Revision as of 13:09, 27 September 2011

The Meta Project is a tool which provides a simple service: take in any piece of media, spit out all the meta possible.

Meta Standards Resources

(Add links and summaries to documents discussing metadata)

rNews is a proposed standard for using RDFa to annotate news-specific metadata in HTML documents.

Metafragments proposed metadata markup for audio and video. - (Julien Dorra)

Known APIs and Tools

(Add links and summaries of toolkits and APIs which can help generate data!)

http://m.vid.ly/user/ - won't generate metadata but can help with format conversions

Desired Functionality

TEXT

Valid Inputs: URL, Plain Text, HTML

Optional Inputs: Known Metadata

Returned Metadata:

- Primary Themes (Document-wide)
- Primary Themes (Per-paragraph)
- Suggested Tags
- Entities (Names, Locations, Dates, Organizations) and their locations in text
- Author
- Publishing organization (if any)
- Date initially published and date last updated
- Names of people who are quoted
- Quotes
- Other texts cited and/or linked (books, articles, urls)
- All other numbers (that aren't dates) and their units (i.e. data points cited)
- Corrections

VIDEO

Valid Inputs: URL, Video (format? .mov and .mp4 are the dominate ones)

Optional Inputs: Transcript, Faces, Known Metadata

Returned Metadata:

- Transcript
- Moments of audio transition (new speaker)
- Moments of video transition (new scene)
- OCR data (any text that appears on image) and their timestamps
- Entities (Names, Locations) and their timestamps
- Suggested Tags
- Face identification and their timestamp ranges [only done if faces are provided]

AUDIO

Valid Inputs: URL, Audio (mp3, wav)

Optional Inputs: Transcript, Voice Samples, Known Metadata

Returned Metadata:

- Transcript
- Moments of audio transition (new speaker)
- Entities (Names, Locations) and their timestamps
- Suggested Tags
- Voice identification  and their timestamp ranges [only done if voice samples are provided]

IMAGE

Valid Inputs: URL, Image (jpg, gif, bmp, png, tif)

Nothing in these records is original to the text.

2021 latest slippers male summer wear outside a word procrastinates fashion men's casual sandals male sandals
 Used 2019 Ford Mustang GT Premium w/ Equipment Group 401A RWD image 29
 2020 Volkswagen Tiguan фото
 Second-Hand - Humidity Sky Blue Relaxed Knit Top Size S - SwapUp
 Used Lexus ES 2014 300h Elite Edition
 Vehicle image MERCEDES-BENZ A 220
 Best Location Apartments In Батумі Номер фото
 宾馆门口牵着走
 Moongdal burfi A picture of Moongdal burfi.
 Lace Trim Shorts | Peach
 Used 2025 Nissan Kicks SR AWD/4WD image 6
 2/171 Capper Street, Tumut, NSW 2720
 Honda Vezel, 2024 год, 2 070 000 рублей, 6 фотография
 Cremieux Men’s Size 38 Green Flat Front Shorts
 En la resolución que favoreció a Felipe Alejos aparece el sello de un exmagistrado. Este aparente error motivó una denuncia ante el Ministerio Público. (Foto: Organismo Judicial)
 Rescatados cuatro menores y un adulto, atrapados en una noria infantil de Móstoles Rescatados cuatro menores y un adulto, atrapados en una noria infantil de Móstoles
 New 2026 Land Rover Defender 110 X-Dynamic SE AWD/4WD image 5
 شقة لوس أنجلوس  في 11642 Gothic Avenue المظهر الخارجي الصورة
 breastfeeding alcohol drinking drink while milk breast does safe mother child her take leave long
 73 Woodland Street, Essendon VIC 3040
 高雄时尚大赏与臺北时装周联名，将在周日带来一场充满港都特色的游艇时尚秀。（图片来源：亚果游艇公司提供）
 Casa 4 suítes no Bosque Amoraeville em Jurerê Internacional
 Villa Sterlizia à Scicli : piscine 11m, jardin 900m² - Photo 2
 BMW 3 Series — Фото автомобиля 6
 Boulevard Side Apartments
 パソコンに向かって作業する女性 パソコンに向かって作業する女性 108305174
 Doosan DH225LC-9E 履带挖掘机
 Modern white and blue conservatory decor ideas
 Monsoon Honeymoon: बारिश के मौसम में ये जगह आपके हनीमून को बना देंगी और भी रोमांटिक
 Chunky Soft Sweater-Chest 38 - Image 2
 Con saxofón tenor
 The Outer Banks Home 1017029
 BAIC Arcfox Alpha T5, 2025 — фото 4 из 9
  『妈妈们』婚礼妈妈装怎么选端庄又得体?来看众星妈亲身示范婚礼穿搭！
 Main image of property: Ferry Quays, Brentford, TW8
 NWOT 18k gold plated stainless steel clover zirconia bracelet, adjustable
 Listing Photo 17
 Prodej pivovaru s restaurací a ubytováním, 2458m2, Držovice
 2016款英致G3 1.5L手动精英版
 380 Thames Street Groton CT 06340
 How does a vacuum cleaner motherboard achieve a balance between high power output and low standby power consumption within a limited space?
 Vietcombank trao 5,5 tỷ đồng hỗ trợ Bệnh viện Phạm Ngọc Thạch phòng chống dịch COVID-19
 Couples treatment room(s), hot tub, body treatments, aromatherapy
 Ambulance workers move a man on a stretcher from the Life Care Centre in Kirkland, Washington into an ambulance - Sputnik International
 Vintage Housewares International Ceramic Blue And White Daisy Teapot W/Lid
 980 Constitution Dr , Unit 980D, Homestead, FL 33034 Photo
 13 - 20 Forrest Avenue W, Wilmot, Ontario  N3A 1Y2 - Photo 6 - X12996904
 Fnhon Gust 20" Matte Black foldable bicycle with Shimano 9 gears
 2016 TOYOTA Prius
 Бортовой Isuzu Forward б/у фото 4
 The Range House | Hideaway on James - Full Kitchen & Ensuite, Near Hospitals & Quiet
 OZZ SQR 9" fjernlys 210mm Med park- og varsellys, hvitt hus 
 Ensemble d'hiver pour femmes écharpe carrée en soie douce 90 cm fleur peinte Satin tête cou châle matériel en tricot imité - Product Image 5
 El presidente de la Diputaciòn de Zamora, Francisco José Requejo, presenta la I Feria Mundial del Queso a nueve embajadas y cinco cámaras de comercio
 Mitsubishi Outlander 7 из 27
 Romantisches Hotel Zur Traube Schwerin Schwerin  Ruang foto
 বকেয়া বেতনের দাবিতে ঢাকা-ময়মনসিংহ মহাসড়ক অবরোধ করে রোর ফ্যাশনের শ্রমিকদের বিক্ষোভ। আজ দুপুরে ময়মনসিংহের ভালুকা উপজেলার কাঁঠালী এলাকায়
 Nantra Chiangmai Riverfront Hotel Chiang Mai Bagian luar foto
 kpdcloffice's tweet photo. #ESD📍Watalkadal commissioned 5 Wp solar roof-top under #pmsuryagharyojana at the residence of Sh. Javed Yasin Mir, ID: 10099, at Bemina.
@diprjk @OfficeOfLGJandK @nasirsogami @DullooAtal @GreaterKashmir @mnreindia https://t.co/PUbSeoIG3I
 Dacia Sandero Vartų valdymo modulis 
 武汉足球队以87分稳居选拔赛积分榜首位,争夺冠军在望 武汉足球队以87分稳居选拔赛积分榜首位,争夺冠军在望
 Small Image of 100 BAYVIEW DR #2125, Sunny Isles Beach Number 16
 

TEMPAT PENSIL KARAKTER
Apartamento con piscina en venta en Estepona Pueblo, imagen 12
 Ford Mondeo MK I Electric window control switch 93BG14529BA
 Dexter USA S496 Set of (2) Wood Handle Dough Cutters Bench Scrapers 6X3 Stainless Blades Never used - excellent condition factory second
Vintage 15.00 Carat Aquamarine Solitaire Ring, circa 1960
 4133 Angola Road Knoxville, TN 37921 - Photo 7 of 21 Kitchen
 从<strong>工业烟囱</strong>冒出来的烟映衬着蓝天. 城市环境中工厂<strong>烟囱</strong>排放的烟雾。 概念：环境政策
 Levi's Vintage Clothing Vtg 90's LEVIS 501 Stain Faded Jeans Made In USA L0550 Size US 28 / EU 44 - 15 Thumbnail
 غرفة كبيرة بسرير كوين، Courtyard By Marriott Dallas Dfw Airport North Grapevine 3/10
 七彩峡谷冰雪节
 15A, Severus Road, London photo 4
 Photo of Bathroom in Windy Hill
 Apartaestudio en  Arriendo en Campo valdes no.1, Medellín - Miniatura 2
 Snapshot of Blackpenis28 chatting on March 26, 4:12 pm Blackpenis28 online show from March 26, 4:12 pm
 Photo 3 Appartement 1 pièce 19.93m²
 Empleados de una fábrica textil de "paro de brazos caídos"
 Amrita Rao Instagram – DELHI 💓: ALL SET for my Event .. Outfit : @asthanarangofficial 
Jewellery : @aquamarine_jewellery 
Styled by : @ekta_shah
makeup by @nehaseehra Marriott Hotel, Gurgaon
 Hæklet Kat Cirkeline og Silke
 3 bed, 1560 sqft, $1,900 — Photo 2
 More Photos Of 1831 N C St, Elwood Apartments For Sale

Optional Inputs: Faces, Known Metadata

Returned Metadata:

- OCR data and it's coordinate location
- Object identification
- Face identification [only done if faces are provided]

In photo we have:

- caption
- author and job title
- headline
- keywords 
- location
- date
- copyright
- news org name

API

API to be as RESTful as posisble. Current thought is that POST will be used to upload the media item (if needed) which will return a Media Item ID (MIID), GET will be used to perform the actual analysis (taking in either an external URL, or the MIID returned from a POST).

Entity Types

* text
* image
* video
* audio

Text

URL: /api/text

POST

Inputs

- text_file:file // text file to store on the server
- url:str // url containing the text to store on the server
- text:str // text to store on the server
- ttl:int {D:0} // number of seconds until the file will be removed from the system (0 means indefinitely)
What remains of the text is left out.